O Diário de Mary (V)

BIANCA

São Paulo, 06 de Junho de 1996, Quinta-Feira.

Aquele sonho que eu narrei ontem, de alguma forma teve uma continuação:

“Dias se passam…
Uma tarde, Bianca está novamente fiando quando uma carruagem para em frente a sua casa. Ela reconhece que é a mesma que dias atrás havia parado ali para abrigar-se. Sem entender porque, Bianca sente o coração disparar…
Um criado vem conversar com ela, em nome do Lorde M. que em sua imensa bondade havia decidido recompensar a noite em que sua filha fora acolhida naquela casa e para isso, decidira que Bianca deveria o quanto antes juntar-se às damas de companhia de Emanuelle, como sua serva pessoal.
Pela expressão de Bianca, nota-se um misto de alegria e dor. Por alguma razão deseja estar novamente ao lado de Emanuelle, mas não quer deixar sua família. Seus pais, pobres camponeses, nada podem fazer para opor-se a vontade do Lorde M. o poderoso senhor daquele grande feudo onde viviam. Bianca então, entre lágrimas, recolhe numa trouxinha as poucas coisas que tinha de suas, beija seus irmãos menores e seus pais, pois sabe que, provavelmente nunca mais os verá.”.
Começo a pensar que as pessoas têm razão quando dizem que a vida vai muito, muito além desses anos que nosso corpo vive… Até outro dia, eu não acreditava em nada que a ciência não pudesse provar, e, agora, com todos estes sonhos e poemas, acabo acreditando que o que está se passando agora é a continuação de algo que ocorreu a muitos e muitos séculos…
Hoje, mais uma vez, me infiltrei furtivamente no prédio de Emanuela, e deixei em sua porta este poema:

“Se um dia eu disser que deixei de te amar…
Saiba que esse dia eu já não mais existirei…
Serei apenas uma sombra solitária a vagar…
Perdida, tentando um motivo pra viver reencontrar.

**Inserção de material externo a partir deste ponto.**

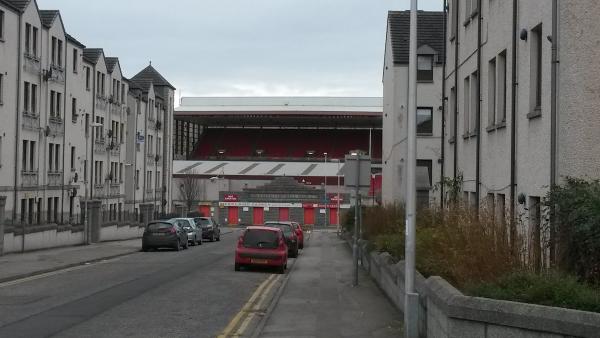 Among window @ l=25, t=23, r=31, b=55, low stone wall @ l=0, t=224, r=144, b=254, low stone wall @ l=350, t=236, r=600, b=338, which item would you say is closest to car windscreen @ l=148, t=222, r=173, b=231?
low stone wall @ l=0, t=224, r=144, b=254

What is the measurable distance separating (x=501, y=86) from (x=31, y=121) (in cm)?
2645

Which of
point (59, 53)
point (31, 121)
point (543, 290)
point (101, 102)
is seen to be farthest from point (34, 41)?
point (543, 290)

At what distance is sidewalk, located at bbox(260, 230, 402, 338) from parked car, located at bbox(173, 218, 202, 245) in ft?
64.1

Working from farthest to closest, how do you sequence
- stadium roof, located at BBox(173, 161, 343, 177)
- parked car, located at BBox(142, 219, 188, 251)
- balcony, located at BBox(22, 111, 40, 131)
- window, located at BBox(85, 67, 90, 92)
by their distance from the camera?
1. stadium roof, located at BBox(173, 161, 343, 177)
2. window, located at BBox(85, 67, 90, 92)
3. balcony, located at BBox(22, 111, 40, 131)
4. parked car, located at BBox(142, 219, 188, 251)

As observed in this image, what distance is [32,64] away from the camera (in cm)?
3581

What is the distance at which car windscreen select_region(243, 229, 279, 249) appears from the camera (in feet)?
79.3

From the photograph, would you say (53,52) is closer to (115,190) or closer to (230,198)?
(115,190)

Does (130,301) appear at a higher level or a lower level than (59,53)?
lower

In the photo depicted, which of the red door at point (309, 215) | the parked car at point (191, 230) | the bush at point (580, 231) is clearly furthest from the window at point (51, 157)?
the red door at point (309, 215)

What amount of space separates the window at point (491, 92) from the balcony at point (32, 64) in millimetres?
24538

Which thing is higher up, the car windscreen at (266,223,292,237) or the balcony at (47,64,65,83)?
the balcony at (47,64,65,83)

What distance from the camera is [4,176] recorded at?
33.4 meters

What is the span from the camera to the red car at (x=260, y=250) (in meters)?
24.0

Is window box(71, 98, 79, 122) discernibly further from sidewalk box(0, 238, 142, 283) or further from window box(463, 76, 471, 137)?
window box(463, 76, 471, 137) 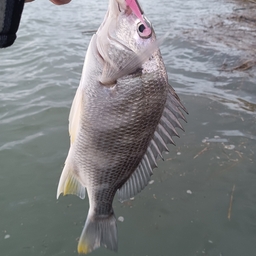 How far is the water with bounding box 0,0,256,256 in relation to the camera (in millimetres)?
2812

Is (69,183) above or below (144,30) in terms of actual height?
below

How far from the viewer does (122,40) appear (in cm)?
153

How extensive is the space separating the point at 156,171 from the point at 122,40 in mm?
2265

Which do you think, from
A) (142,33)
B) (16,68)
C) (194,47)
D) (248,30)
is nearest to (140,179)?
(142,33)

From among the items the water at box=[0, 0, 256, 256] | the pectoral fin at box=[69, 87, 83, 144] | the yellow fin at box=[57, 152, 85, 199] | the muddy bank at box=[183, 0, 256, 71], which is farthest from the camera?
the muddy bank at box=[183, 0, 256, 71]

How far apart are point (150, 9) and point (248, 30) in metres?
4.02

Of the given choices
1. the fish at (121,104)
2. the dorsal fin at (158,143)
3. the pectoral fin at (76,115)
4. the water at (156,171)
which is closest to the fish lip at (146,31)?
the fish at (121,104)

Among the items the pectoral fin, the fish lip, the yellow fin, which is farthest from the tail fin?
the fish lip

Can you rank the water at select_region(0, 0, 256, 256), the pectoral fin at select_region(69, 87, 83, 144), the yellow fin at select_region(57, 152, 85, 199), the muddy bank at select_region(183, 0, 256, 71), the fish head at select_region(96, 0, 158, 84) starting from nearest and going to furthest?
the fish head at select_region(96, 0, 158, 84), the pectoral fin at select_region(69, 87, 83, 144), the yellow fin at select_region(57, 152, 85, 199), the water at select_region(0, 0, 256, 256), the muddy bank at select_region(183, 0, 256, 71)

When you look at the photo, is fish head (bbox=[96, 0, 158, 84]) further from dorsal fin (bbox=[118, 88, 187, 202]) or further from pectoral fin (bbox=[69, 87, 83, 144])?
dorsal fin (bbox=[118, 88, 187, 202])

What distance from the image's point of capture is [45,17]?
405 inches

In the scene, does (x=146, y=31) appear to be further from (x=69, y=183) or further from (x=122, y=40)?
(x=69, y=183)

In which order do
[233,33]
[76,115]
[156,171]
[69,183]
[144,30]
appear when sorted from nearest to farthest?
[144,30]
[76,115]
[69,183]
[156,171]
[233,33]

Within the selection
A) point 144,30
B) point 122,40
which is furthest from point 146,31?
point 122,40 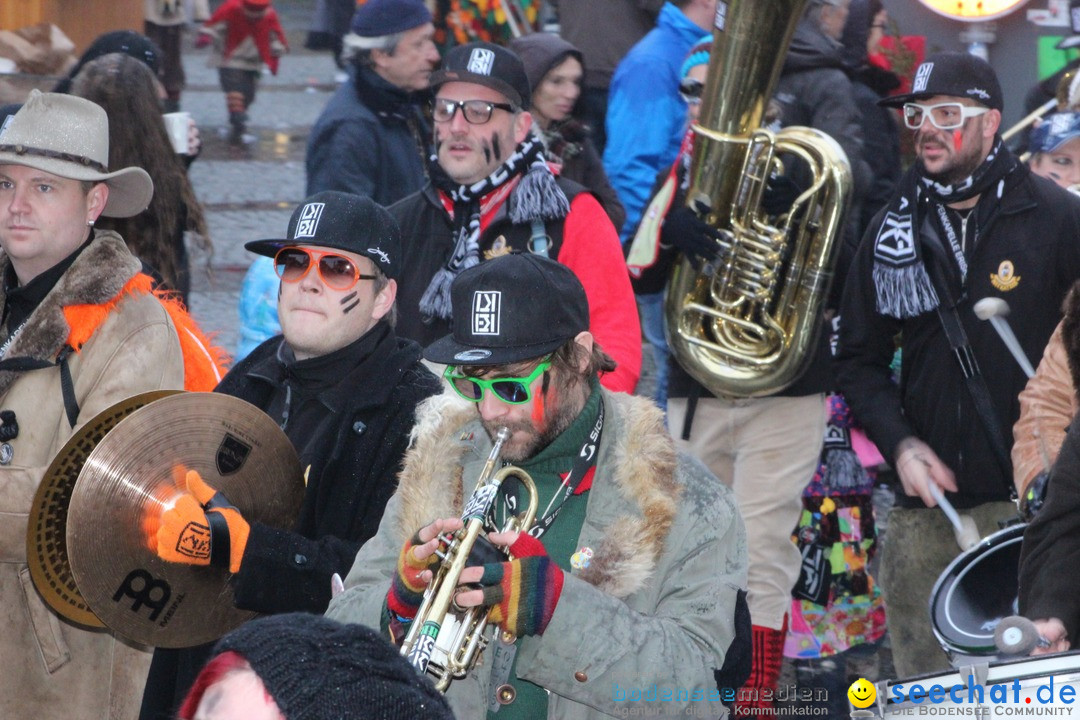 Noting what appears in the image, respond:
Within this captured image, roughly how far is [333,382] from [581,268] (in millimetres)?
1216

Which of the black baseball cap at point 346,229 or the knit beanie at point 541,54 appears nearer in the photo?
the black baseball cap at point 346,229

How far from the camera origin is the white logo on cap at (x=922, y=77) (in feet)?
16.2

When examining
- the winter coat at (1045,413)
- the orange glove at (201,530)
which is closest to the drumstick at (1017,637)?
the winter coat at (1045,413)

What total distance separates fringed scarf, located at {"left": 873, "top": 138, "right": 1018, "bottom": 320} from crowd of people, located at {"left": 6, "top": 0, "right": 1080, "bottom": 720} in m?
0.01

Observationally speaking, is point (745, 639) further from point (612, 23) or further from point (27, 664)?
point (612, 23)

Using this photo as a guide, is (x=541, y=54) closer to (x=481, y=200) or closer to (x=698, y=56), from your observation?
(x=698, y=56)

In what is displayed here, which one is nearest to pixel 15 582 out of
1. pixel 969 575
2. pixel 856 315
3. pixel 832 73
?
pixel 969 575

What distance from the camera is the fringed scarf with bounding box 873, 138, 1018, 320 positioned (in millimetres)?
4789

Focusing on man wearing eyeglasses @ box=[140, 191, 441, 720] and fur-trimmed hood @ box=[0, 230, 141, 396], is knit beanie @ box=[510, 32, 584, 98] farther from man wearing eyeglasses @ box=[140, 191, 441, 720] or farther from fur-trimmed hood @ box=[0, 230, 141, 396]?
fur-trimmed hood @ box=[0, 230, 141, 396]

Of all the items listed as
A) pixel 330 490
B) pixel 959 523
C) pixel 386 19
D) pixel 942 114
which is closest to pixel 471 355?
pixel 330 490

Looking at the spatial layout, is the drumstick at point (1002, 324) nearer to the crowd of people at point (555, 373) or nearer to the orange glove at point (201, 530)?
the crowd of people at point (555, 373)

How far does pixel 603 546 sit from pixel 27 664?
1802 mm

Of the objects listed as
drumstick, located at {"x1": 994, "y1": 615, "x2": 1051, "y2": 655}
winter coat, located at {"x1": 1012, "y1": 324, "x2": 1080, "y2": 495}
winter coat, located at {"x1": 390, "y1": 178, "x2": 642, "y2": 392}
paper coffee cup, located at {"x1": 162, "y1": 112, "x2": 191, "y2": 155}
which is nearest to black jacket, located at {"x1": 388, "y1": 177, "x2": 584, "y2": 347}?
winter coat, located at {"x1": 390, "y1": 178, "x2": 642, "y2": 392}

Jogo aos teus pés meu espírito…
Entrego-lhe meu coração
Perco-me em meio ao Amor,
Às lágrimas, à saudade…

E só irei reencontrar meu sorriso,
Quando puder novamente me perder em teus braços,
Em teu olhar,
Em teu coração…

Ainda te sinto junto a mim,
E nas noites frias, te procuro,
Sinto-te, mas não te encontro ao meu lado…
E como uma criança, agarro o travesseiro que você deixou vazio em minha cama…
Procurando um restinho do teu perfume, que já não desgruda da minha pele…

Procuro-te em meus sonhos,
Onde te encontro, e,
Alegremente, bailo para você,
Como se flutuasse nas nuvens…
Como guiada apenas pelo ritmo do amor…

Acordo feliz…
E novamente me vejo só…
Lágrimas que me invadem a alma e o coração…
Lágrimas, companheiras da solidão…

Se essas lágrimas que caem,
Um dia pudessem tornar-se estrelas…
No céu já não haveria lugar para tantas…
E elas choveriam sobre a Terra… Brilhando de dor e de saudades…

O Amor me sufoca…
Mas não me mata…
Ele me dá motivos para continuar a existir…
Mesmo sabendo que a vida sem você ao meu lado é nada…
E que minha única razão de continuar aqui é a esperança…
De um dia estar contigo”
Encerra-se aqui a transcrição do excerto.